WHAT YOU SHOULD DO: Nothing beyond the line containing "Maison à Almoradi-Untagged" should be printed; print each line exactly from the first line of the listing below through it.

DATA PROVIDED:
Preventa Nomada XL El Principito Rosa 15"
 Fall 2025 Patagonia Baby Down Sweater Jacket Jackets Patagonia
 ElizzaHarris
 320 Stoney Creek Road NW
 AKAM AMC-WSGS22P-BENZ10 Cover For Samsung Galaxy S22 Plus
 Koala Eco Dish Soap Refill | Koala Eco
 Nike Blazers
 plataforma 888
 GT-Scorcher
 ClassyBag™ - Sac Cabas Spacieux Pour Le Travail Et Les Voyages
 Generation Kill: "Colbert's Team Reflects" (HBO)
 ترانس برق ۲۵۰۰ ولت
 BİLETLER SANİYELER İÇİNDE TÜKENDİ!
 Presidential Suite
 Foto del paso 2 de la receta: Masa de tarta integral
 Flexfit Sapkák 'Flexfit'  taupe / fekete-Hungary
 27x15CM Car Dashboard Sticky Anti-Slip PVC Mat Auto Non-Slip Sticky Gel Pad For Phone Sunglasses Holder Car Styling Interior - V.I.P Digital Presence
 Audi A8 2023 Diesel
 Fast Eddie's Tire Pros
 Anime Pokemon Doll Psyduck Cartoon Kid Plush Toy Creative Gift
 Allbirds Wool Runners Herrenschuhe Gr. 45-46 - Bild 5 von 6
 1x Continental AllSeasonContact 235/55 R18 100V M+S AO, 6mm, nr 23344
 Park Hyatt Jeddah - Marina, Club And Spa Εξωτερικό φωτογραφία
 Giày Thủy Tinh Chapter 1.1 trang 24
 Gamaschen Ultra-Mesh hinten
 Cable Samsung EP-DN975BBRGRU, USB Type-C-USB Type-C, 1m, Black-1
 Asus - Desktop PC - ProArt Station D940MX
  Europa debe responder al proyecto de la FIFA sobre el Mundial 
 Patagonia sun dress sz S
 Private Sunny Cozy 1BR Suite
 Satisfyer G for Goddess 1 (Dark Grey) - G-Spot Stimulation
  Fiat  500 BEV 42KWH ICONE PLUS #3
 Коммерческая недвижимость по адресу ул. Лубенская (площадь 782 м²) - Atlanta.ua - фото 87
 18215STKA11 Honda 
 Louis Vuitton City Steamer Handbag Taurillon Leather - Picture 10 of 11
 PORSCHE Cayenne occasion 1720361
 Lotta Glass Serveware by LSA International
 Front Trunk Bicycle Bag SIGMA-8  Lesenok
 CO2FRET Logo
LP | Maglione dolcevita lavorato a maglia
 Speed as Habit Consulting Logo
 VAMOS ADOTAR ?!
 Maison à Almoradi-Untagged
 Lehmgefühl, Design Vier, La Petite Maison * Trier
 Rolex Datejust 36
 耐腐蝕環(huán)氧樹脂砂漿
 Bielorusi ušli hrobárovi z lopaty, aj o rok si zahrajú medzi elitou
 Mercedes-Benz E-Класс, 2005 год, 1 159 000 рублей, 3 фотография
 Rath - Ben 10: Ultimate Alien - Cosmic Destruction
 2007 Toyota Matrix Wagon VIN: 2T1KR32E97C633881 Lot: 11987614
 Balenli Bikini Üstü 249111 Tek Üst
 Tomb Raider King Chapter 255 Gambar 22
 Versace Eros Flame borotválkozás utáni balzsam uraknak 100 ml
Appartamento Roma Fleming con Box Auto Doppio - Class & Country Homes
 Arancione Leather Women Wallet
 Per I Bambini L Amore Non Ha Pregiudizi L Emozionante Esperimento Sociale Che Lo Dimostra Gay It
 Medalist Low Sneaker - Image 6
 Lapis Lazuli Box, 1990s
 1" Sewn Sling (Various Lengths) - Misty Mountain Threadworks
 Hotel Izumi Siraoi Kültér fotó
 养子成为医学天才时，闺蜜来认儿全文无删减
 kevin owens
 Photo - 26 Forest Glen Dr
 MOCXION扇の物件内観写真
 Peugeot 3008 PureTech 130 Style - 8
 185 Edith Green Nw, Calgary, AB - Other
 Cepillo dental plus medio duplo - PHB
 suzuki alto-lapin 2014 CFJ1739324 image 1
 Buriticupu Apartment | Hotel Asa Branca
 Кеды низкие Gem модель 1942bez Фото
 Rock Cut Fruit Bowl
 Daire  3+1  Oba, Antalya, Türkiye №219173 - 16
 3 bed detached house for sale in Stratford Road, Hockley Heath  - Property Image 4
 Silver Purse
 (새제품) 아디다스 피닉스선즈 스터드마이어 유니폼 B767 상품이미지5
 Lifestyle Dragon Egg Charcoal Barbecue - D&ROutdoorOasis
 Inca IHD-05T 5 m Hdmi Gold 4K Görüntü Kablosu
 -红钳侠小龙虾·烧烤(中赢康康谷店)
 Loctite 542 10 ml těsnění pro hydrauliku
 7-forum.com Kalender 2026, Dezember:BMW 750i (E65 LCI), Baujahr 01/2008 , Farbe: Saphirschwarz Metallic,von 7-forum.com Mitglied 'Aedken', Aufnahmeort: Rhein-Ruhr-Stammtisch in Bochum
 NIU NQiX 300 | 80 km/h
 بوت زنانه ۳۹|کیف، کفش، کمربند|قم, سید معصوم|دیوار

RESPONSE BELOW:
Preventa Nomada XL El Principito Rosa 15"
 Fall 2025 Patagonia Baby Down Sweater Jacket Jackets Patagonia
 ElizzaHarris
 320 Stoney Creek Road NW
 AKAM AMC-WSGS22P-BENZ10 Cover For Samsung Galaxy S22 Plus
 Koala Eco Dish Soap Refill | Koala Eco
 Nike Blazers
 plataforma 888
 GT-Scorcher
 ClassyBag™ - Sac Cabas Spacieux Pour Le Travail Et Les Voyages
 Generation Kill: "Colbert's Team Reflects" (HBO)
 ترانس برق ۲۵۰۰ ولت
 BİLETLER SANİYELER İÇİNDE TÜKENDİ!
 Presidential Suite
 Foto del paso 2 de la receta: Masa de tarta integral
 Flexfit Sapkák 'Flexfit'  taupe / fekete-Hungary
 27x15CM Car Dashboard Sticky Anti-Slip PVC Mat Auto Non-Slip Sticky Gel Pad For Phone Sunglasses Holder Car Styling Interior - V.I.P Digital Presence
 Audi A8 2023 Diesel
 Fast Eddie's Tire Pros
 Anime Pokemon Doll Psyduck Cartoon Kid Plush Toy Creative Gift
 Allbirds Wool Runners Herrenschuhe Gr. 45-46 - Bild 5 von 6
 1x Continental AllSeasonContact 235/55 R18 100V M+S AO, 6mm, nr 23344
 Park Hyatt Jeddah - Marina, Club And Spa Εξωτερικό φωτογραφία
 Giày Thủy Tinh Chapter 1.1 trang 24
 Gamaschen Ultra-Mesh hinten
 Cable Samsung EP-DN975BBRGRU, USB Type-C-USB Type-C, 1m, Black-1
 Asus - Desktop PC - ProArt Station D940MX
  Europa debe responder al proyecto de la FIFA sobre el Mundial 
 Patagonia sun dress sz S
 Private Sunny Cozy 1BR Suite
 Satisfyer G for Goddess 1 (Dark Grey) - G-Spot Stimulation
  Fiat  500 BEV 42KWH ICONE PLUS #3
 Коммерческая недвижимость по адресу ул. Лубенская (площадь 782 м²) - Atlanta.ua - фото 87
 18215STKA11 Honda 
 Louis Vuitton City Steamer Handbag Taurillon Leather - Picture 10 of 11
 PORSCHE Cayenne occasion 1720361
 Lotta Glass Serveware by LSA International
 Front Trunk Bicycle Bag SIGMA-8  Lesenok
 CO2FRET Logo
LP | Maglione dolcevita lavorato a maglia
 Speed as Habit Consulting Logo
 VAMOS ADOTAR ?!
 Maison à Almoradi-Untagged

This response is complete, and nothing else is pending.